McDermott immortalized him in song in “I Know a Place,” which includes the line: “When I was strugglin’, and I had no money, Donnie Kruse lended me his hand.”
That happened around 2002, McDermott said Wednesday.“I was totally down and out, just a sniveling, sneezing, fallen-from-grace rock-star/drug addict,” he said. “It was the darkest point.”
Enter Mr. Kruse, who extended a lifeline by hiring him to play at Stanley’s.
Mr. Kruse helped many others, too, hiring them for bartending and catering work.
“He gave a lot of people jobs and didn’t broadcast it,” said O’Brien.“He probably ran [Stanley’s] less to make money and to win awards than he did because he felt his corner bar was part of the fabric of Chicago.”
“I can’t count the times I would see him kind of wordlessly go out the side door with a bag of food and give it to a homeless person,” Fitzpatrick said.
A couple of years ago, when Fitzpatrick was recovering from heart surgery, Mr. Kruse spent hours in his hospital room. “He would bring his laptop in, and we would watch hockey fights,” he said.
One Stanley’s regular was a mentally ill man whom Mr. Kruse often fed and took to the racetrack, said friend Coley Newell. “Donnie and I, we went to the track with him one day, and the following day, we’d be hanging out with John Cusack. That’s who Donnie was.”
Cusack called Mr. Kruse “an utterly original Chicago icon, mischief maker, Irish trickster” on Twitter, writing, “Donnie was link between thousands — all fun heart filled roads seemed to leed through him in chi town.”
Kid Rock tweeted Thursday about his death, saying: “Chicago has another angel watching over her. I will always cherish the good times at Stanley’s and all the others we shared. Rest in peace Donnie Kruse, myself and all your Detroit friends miss you already.”
Mr. Kruse formerly was involved in the now-closed restaurants BB’s and Butterfield 8.
Stanley’s serves comfort food. It’s known for its fried chicken and mashed potatoes and StanBurger. It’s an official bar for University of Texas Longhorns fans.
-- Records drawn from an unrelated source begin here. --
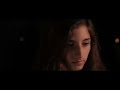 Arnalds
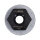 JIMS, clutch spring compressor nut
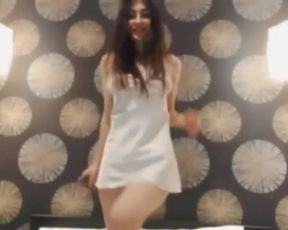 emmie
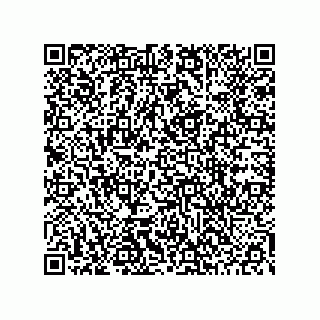 vCard 78453903404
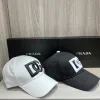 D&G hats & caps #A32161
The eatery was founded in 1993 by Mr. Kruse, Jeff Kalish and Jack Binyon, grandson of the founder of Binyon’s, a restaurant whose turtle soup became a favorite of judges and lawyers when it was located near Chicago’s Dirksen Federal Building.
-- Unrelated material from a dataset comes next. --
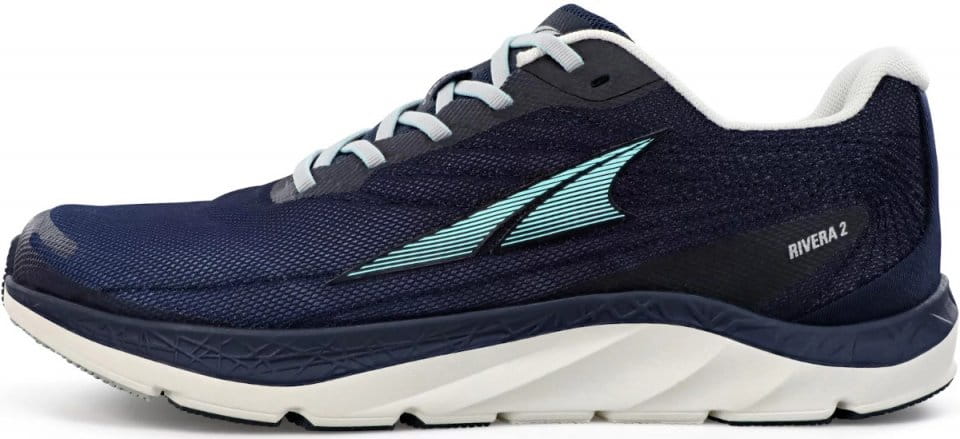 Buty do biegania Altra W Rivera 2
Mr. Kruse talked about his start in the business with Pippco blogger Autumn Pippenburg last year, telling her: “When I was in college, my roommates and I opened a bar in our house at Southern Illinois University. That was my first actual bar. We use to make $1,000 over the weekend, but then we got in trouble and had to shut it down. That was back in 1977.”
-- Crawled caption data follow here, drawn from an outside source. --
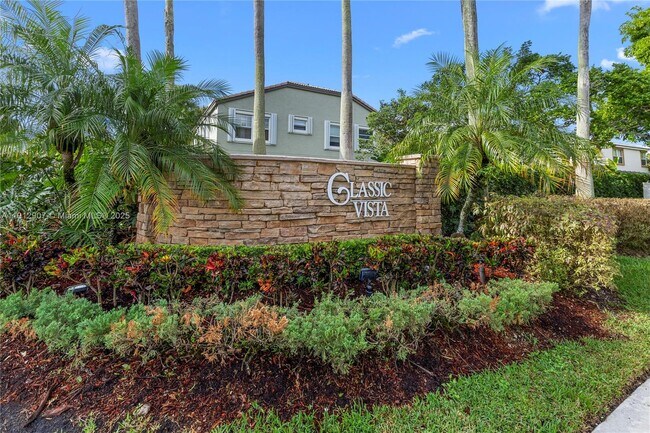 Building Photo - 15777 NW 10th St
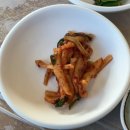 &lt;미도식당&gt; 서귀포아침식사 미도식당 후기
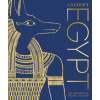 Ancient Egypt (DK)(Pevná)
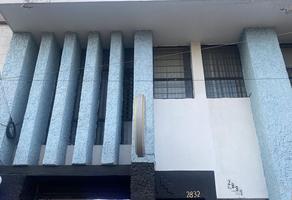 Foto de inmueble en Av Cristóbal Colón, Col. Las Alamedas C.P. 45079, Zapopan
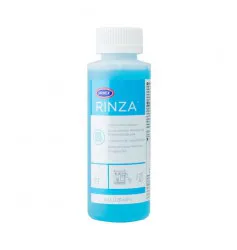 Urnex Rinza - Płyn do czyszczenia spieniacza - 120 ml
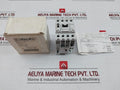 Contactor Relay Gh15Cr Ghisalba 690V/10A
He later worked in marketing and advertising before entering the restaurant business.
“When Stanley’s opened in 1993, everyone thought we were crazy, but I thought that a fun bar and home-cooked food was what the neighborhood needed,” he told Pippco. “We had extraordinary food where no one else did. We opened with fried chicken, burgers and mac n’ cheese, for what’s been already 23 years! And that’s what’s still hot right now. Fried chicken, mashed potatoes and gravy is still our specialty.”
Newell said Mr. Kruse went to Thornwood High School in South Holland. His grandfather sold Scotch and his father was involved in catering and vending-machine businesses.
Heis survived by his mother, Pat Kruse, and sisters Pam Conlon and Jill Vierck, Newell said. Visitation is set for 3 p.m. to 7 p.m. Tuesday at St. Michael in Old Town Church, with the funeral there at 10 a.m. Wednesday.